Instructions to follow
How many lines in the entries below include the string "possible"? Answer with the number only.

Exercise data
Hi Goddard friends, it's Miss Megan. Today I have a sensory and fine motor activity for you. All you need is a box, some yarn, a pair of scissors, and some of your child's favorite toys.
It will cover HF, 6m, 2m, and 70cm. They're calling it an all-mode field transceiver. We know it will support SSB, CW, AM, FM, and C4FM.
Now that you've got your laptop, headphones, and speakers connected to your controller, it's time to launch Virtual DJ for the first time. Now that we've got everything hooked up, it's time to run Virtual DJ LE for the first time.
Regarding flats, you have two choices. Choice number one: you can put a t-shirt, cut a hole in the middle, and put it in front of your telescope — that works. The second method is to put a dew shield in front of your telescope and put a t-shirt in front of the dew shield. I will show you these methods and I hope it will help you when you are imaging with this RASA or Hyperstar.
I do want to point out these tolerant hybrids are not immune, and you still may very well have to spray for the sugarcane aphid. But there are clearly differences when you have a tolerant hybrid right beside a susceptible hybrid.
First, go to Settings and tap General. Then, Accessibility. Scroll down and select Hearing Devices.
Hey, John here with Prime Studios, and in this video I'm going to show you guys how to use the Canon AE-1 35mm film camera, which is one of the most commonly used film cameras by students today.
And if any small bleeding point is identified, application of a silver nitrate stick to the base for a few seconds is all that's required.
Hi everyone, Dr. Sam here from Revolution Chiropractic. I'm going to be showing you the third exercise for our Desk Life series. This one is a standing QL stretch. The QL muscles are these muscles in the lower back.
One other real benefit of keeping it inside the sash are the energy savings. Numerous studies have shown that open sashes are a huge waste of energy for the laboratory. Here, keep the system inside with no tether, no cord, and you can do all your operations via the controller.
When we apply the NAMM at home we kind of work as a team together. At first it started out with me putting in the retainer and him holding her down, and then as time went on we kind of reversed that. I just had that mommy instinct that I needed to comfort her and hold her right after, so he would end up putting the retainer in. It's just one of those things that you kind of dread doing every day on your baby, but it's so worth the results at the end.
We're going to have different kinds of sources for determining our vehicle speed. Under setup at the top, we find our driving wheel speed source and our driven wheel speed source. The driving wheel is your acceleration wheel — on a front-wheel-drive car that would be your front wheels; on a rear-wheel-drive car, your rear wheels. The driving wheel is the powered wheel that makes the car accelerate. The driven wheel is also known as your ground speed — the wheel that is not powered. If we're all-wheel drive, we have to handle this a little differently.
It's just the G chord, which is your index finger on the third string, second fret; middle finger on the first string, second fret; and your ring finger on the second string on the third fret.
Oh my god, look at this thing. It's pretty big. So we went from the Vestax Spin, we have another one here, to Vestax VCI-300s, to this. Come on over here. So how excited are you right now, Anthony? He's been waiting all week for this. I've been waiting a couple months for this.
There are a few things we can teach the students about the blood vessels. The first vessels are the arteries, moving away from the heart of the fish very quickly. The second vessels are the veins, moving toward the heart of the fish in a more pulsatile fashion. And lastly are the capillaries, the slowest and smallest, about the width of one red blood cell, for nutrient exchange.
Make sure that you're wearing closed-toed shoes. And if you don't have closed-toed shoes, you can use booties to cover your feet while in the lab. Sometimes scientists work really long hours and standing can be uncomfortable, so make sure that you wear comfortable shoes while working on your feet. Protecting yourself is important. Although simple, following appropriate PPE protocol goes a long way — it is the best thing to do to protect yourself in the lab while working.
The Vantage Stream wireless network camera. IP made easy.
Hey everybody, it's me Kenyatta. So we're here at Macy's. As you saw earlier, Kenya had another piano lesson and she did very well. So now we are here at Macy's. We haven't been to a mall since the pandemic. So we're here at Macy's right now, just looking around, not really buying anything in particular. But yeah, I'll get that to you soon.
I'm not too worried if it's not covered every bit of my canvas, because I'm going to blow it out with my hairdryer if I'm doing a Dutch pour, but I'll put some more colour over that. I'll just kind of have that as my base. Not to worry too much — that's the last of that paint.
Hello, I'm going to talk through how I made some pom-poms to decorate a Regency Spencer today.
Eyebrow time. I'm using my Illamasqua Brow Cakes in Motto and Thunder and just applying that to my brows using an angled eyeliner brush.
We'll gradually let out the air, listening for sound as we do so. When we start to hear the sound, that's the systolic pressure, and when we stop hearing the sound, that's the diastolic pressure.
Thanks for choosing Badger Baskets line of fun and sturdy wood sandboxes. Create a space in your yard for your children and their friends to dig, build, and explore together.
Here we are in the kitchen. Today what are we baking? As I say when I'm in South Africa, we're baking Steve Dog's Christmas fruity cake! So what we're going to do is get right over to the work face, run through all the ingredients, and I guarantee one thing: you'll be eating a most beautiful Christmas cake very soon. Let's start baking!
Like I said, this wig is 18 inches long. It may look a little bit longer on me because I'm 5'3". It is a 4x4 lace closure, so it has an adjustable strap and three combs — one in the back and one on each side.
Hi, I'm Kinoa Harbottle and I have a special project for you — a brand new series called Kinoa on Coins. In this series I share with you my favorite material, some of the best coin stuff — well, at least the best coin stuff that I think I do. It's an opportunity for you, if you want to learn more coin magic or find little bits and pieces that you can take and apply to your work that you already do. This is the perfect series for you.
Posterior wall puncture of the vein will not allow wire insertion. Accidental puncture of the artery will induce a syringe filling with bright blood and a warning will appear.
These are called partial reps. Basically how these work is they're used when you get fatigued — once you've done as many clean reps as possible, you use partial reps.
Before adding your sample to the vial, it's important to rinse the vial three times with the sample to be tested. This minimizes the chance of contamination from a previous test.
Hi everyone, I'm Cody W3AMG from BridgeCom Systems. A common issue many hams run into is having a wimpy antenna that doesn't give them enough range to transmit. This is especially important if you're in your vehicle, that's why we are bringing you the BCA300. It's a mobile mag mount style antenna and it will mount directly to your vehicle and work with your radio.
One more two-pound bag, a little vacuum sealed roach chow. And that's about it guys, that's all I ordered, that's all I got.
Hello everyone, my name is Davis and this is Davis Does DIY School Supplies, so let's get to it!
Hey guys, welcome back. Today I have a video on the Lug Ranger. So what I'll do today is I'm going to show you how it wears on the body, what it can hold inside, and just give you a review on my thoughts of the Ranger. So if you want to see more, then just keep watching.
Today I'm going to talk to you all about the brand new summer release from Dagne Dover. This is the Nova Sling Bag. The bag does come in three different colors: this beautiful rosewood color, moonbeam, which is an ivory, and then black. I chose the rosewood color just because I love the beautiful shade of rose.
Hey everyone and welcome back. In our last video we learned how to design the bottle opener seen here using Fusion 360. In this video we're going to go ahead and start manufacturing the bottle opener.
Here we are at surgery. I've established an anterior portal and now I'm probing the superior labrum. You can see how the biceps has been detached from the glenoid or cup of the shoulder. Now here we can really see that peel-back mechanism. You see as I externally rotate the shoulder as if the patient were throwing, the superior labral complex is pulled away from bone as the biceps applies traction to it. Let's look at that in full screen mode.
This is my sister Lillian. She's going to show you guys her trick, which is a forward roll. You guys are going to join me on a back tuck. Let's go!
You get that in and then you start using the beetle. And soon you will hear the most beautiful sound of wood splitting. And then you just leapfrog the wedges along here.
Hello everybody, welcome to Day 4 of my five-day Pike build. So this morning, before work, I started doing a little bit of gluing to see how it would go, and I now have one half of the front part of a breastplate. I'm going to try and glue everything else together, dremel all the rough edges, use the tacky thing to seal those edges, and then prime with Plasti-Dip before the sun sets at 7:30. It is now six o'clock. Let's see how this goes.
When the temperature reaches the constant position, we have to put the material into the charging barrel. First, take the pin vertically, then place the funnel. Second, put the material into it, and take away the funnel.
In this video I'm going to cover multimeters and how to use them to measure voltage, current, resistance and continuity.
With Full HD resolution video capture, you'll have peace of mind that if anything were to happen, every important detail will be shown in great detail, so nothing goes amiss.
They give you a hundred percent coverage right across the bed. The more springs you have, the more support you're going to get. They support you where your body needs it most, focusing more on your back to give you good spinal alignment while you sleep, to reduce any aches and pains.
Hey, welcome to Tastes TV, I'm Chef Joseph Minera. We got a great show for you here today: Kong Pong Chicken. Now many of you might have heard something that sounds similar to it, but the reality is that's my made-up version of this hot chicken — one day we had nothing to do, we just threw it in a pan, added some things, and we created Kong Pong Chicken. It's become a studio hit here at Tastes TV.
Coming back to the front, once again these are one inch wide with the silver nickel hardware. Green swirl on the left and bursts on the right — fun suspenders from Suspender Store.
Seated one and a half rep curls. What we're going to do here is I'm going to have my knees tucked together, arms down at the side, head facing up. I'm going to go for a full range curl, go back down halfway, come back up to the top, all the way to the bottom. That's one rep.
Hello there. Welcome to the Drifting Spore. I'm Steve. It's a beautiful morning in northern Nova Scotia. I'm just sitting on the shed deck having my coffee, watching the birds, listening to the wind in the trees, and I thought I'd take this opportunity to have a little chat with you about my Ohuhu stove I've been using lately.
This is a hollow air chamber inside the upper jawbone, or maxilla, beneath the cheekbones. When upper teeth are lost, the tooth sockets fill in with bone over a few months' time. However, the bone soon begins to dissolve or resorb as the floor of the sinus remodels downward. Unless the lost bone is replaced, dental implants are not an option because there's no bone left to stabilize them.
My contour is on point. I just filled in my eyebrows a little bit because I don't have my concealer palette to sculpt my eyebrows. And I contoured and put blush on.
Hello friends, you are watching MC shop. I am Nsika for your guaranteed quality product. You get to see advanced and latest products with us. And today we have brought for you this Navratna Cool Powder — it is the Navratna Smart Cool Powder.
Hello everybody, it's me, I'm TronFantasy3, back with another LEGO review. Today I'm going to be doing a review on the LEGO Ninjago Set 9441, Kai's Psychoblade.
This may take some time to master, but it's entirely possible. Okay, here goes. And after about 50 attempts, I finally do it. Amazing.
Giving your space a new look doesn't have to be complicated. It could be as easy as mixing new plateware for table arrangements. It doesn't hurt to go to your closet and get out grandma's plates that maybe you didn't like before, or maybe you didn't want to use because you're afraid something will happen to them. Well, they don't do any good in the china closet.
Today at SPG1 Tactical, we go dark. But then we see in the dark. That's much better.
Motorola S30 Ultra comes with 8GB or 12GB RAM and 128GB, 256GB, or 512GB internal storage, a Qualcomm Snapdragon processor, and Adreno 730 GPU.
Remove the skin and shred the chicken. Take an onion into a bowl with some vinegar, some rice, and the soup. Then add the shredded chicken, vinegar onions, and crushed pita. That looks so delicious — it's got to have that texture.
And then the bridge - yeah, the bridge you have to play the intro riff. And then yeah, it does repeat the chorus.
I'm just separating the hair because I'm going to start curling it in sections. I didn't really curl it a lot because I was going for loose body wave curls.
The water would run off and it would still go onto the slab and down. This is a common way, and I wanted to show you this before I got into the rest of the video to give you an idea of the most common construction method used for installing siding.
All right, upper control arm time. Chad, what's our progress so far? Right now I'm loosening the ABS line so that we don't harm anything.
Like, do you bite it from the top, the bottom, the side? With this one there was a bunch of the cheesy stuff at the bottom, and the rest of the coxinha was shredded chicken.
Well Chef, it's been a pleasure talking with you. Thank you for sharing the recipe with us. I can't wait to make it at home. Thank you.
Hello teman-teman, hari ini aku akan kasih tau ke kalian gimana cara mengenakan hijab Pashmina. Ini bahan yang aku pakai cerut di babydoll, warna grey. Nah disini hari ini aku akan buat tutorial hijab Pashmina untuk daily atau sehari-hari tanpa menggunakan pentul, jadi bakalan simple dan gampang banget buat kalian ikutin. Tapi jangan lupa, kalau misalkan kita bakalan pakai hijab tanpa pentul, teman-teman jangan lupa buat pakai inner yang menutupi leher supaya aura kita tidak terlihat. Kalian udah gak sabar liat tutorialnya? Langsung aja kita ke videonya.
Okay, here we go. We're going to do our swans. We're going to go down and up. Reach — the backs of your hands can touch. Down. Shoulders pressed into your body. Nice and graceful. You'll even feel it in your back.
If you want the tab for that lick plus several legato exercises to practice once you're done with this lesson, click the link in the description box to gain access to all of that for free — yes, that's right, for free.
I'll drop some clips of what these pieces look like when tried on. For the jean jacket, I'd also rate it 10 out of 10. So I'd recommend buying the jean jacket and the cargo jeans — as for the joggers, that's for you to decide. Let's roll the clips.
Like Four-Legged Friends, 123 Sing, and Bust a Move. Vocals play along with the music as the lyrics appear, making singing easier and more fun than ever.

Output of the exercise
2